* **BRIEF**:
Could you write out the lines below exactly, beginning with the first and finishing with the one that contains "têtes de mort"?

SUPPLIED RECORDS below:

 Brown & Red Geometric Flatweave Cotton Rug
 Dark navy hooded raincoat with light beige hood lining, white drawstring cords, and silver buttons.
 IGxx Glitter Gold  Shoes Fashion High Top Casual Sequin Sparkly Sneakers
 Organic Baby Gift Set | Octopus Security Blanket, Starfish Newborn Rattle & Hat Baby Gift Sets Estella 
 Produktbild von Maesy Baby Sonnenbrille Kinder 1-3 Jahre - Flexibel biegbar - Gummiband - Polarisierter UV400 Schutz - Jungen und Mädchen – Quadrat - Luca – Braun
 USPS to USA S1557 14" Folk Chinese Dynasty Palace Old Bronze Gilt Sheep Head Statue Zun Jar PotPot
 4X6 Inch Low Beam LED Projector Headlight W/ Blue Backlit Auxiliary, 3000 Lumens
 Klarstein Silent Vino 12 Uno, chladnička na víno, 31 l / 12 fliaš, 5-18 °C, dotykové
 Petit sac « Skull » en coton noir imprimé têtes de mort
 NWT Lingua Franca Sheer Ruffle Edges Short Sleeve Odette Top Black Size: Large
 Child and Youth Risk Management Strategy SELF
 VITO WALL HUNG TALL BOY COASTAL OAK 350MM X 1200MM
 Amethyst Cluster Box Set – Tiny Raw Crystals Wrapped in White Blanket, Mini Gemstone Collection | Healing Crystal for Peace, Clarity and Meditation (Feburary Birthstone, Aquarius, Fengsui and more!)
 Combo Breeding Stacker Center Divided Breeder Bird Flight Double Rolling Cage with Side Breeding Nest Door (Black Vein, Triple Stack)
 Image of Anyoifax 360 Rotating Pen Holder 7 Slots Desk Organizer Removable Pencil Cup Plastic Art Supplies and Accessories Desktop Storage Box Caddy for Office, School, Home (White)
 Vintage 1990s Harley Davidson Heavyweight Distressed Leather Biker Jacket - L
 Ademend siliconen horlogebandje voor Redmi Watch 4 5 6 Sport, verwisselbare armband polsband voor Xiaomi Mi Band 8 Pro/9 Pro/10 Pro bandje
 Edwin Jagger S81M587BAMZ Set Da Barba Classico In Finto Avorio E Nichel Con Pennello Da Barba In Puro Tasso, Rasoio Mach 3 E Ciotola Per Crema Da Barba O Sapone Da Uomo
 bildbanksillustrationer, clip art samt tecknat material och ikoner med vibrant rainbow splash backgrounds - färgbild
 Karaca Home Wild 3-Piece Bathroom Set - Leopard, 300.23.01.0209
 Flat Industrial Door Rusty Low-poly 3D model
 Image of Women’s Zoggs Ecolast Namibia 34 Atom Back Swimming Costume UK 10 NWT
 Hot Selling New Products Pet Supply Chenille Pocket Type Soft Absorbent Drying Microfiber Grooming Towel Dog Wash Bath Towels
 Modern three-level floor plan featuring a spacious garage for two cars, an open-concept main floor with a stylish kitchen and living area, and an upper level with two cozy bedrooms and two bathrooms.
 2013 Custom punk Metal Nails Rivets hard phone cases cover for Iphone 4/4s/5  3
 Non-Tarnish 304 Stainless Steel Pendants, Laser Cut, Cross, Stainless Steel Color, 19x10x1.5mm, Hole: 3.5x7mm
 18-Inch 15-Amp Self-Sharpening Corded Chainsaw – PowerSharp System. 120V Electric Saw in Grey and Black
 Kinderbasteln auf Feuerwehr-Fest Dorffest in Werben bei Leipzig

End of SUPPLIED RECORDS.

* **SOLUTION FOR THIS EXERCISE**:
 Brown & Red Geometric Flatweave Cotton Rug
 Dark navy hooded raincoat with light beige hood lining, white drawstring cords, and silver buttons.
 IGxx Glitter Gold  Shoes Fashion High Top Casual Sequin Sparkly Sneakers
 Organic Baby Gift Set | Octopus Security Blanket, Starfish Newborn Rattle & Hat Baby Gift Sets Estella 
 Produktbild von Maesy Baby Sonnenbrille Kinder 1-3 Jahre - Flexibel biegbar - Gummiband - Polarisierter UV400 Schutz - Jungen und Mädchen – Quadrat - Luca – Braun
 USPS to USA S1557 14" Folk Chinese Dynasty Palace Old Bronze Gilt Sheep Head Statue Zun Jar PotPot
 4X6 Inch Low Beam LED Projector Headlight W/ Blue Backlit Auxiliary, 3000 Lumens
 Klarstein Silent Vino 12 Uno, chladnička na víno, 31 l / 12 fliaš, 5-18 °C, dotykové
 Petit sac « Skull » en coton noir imprimé têtes de mort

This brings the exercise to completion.